### Preprocessing of the SST

In [1]:
import pandas as pd
from tqdm import tqdm_notebook
import sys
sys.path.append("..")
from torchtext import data
from torchtext import datasets

from sklearn.feature_extraction.text import CountVectorizer

In [2]:
!wget -nc --no-check-certificate https://nlp.stanford.edu/sentiment/trainDevTestTrees_PTB.zip .
!unzip trainDevTestTrees_PTB.zip
!mv trees/* .
!rm -r trees/
!rm *.zip
!touch __init__.py

--2020-02-17 17:20:34--  https://nlp.stanford.edu/sentiment/trainDevTestTrees_PTB.zip
Resolving nlp.stanford.edu (nlp.stanford.edu)... 171.64.67.140
Connecting to nlp.stanford.edu (nlp.stanford.edu)|171.64.67.140|:443... connected.
HTTP request sent, awaiting response... 200 OK
Length: 789539 (771K) [application/zip]
Saving to: ‘trainDevTestTrees_PTB.zip’


2020-02-17 17:20:36 (426 KB/s) - ‘trainDevTestTrees_PTB.zip’ saved [789539/789539]

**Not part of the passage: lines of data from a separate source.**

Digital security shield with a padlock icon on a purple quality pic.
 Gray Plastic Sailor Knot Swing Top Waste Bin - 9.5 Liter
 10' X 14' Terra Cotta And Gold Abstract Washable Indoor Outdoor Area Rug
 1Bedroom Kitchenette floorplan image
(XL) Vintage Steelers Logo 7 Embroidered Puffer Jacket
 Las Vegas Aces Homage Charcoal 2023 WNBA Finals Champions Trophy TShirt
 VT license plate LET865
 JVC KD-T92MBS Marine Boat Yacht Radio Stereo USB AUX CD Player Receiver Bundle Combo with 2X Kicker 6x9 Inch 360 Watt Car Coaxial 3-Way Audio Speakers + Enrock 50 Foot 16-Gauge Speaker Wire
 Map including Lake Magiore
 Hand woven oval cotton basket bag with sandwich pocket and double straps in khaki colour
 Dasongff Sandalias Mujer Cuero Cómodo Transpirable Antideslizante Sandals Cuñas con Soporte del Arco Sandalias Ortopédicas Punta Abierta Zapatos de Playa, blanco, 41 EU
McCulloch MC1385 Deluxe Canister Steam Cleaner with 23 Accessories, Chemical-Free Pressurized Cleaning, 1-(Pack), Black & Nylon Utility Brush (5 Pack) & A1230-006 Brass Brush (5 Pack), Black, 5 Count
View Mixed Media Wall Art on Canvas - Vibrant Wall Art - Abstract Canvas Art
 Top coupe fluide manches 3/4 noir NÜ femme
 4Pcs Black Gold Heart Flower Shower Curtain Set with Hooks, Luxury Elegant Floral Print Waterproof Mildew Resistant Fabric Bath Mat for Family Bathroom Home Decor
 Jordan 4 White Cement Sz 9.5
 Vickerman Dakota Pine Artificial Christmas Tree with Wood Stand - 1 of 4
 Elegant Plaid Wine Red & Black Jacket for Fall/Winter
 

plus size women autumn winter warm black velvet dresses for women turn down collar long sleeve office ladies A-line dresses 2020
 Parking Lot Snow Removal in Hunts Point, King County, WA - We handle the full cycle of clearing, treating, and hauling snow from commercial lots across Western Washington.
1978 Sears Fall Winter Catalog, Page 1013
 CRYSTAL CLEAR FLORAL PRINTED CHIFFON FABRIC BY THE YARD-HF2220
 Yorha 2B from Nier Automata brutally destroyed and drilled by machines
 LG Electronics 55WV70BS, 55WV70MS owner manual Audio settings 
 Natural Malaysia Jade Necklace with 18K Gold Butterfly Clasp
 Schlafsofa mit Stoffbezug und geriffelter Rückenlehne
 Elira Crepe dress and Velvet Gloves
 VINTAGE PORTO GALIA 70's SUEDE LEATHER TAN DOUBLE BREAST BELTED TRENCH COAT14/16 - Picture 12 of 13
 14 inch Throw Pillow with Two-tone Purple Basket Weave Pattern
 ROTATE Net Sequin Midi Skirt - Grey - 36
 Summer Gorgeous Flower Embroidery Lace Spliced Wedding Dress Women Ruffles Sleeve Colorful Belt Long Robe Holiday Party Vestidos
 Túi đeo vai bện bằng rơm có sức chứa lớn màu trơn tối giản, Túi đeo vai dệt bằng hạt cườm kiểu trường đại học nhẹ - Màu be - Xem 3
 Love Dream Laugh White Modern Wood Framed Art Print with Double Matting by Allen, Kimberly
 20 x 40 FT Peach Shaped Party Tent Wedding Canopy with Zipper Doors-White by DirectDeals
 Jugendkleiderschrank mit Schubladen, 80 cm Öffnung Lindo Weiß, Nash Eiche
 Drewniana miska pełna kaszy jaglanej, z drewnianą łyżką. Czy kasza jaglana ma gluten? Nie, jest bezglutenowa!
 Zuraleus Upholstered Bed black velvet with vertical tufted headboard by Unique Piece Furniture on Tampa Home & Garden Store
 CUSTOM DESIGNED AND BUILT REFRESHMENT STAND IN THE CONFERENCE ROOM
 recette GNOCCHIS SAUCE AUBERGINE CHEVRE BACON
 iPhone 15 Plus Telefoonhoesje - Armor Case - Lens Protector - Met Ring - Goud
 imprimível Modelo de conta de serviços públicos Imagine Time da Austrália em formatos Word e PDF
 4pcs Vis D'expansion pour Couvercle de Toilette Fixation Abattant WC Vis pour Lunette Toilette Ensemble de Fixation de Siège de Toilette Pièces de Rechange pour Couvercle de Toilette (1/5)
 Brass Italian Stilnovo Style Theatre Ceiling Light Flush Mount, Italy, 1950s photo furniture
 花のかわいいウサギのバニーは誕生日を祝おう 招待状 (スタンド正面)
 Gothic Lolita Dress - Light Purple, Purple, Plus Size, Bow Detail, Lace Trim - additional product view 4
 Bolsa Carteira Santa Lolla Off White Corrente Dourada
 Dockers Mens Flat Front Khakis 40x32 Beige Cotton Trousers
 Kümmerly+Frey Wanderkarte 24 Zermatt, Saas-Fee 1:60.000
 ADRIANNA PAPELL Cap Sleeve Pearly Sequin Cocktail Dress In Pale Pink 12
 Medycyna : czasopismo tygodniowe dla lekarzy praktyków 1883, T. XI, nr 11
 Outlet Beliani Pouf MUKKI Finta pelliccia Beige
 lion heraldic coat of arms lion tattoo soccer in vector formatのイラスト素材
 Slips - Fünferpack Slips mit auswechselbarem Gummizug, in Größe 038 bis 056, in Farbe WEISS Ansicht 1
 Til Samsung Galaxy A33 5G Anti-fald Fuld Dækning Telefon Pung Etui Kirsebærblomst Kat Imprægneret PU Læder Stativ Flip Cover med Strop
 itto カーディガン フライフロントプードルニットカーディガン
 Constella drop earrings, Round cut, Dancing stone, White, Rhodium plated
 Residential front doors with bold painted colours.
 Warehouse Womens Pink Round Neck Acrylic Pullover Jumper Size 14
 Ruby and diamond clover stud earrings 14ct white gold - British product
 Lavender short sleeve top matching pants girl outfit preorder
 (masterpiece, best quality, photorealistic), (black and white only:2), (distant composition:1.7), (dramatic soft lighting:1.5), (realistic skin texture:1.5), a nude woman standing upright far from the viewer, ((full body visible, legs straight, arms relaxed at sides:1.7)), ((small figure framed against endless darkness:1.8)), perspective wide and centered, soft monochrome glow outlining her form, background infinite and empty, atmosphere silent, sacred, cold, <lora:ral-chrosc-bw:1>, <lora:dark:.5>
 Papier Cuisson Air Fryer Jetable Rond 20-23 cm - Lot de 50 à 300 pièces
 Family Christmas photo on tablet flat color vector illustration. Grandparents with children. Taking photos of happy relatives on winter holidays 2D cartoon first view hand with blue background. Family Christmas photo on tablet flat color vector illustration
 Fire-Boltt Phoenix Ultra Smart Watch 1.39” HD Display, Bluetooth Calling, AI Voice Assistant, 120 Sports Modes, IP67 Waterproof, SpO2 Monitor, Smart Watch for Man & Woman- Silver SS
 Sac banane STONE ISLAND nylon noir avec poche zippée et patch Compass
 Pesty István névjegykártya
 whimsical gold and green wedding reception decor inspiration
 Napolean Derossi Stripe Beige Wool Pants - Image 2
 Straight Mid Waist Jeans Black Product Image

--2020-02-17 17:20:36--  http://./
Resolving . (.)... failed: Name or service not known.
wget: unable to resolve host address ‘.’
FINISHED --2020-02-17 17:20:36--
Total wall clock time: 2.4s
Downloaded: 1 files, 771K in 1.8s (426 KB/s)
Archive:  trainDevTestTrees_PTB.zip
   creating: trees/
  inflating: trees/dev.txt           
  inflating: trees/test.txt          
  inflating: trees/train.txt         


In [3]:
import glob

files = glob.glob("*.txt")

files

['train.txt', 'dev.txt', 'test.txt']

In [4]:
import nltk
a = nltk.corpus.BracketParseCorpusReader("", "(train|dev|test)\.txt")

text = {}
labels = {}
keys = ['train', 'dev', 'test']
for k in keys :
    text[k] = [x.leaves() for x in a.parsed_sents(k+'.txt') if x.label() != '2']
    labels[k] = [int(x.label()) for x in a.parsed_sents(k+'.txt') if x.label() != '2']
    print(len(text[k]))
    
import spacy
nlp = spacy.load('en', disable=['parser', 'tagger', 'ner'])
import re

def tokenize(text) :
    text = " ".join(text)
    text = text.replace("-LRB-", '')
    text = text.replace("-RRB-", " ")
    text = re.sub(r'\W', ' ', text)
    text = re.sub(r'\s+', ' ', text)
    text = text.strip()
    tokens = " ".join([t.text.lower() for t in nlp(text)])
    return tokens

for k in keys :
    text[k] = [tokenize(t) for t in text[k]]    
    labels[k] = [1 if x >= 3 else 0 for x in labels[k]]

6920
872
1821


In [5]:
import pandas as pd
df_texts = []
df_labels = []
df_exp_split = []

for k in keys :
    df_texts += text[k]
    df_labels += labels[k]
    df_exp_split += [k]*len(text[k])
    
df = pd.DataFrame({'text' : df_texts, 'label' : df_labels, 'exp_split' : df_exp_split}) 

In [6]:
from preprocess_bc import cleaner

df["text"] = df["text"].apply(lambda x: " ".join(cleaner(x)))

In [7]:
df.head(10)

Unnamed: 0,exp_split,label,text
0,train,1,the rock is destined to be the qqq century s n...
1,train,1,the gorgeously elaborate continuation of the l...
2,train,1,singer composer bryan adams contributes a slew...
3,train,1,yet the act is still charming here
4,train,1,whether or not you re enlightened by any of de...
5,train,1,just the labour involved in creating the layer...
6,train,1,part of the charm of satin rouge is that it av...
7,train,1,a screenplay more ingeniously constructed than...
8,train,1,extreme ops exceeds expectations
9,train,1,good fun good action good acting good dialogue...


In [8]:
df.to_csv('sst_dataset.csv', index=False)

In [9]:
from preprocess_bc import extract_vocabulary_

word_to_ix = extract_vocabulary_(min_df = 1, dataframe = df)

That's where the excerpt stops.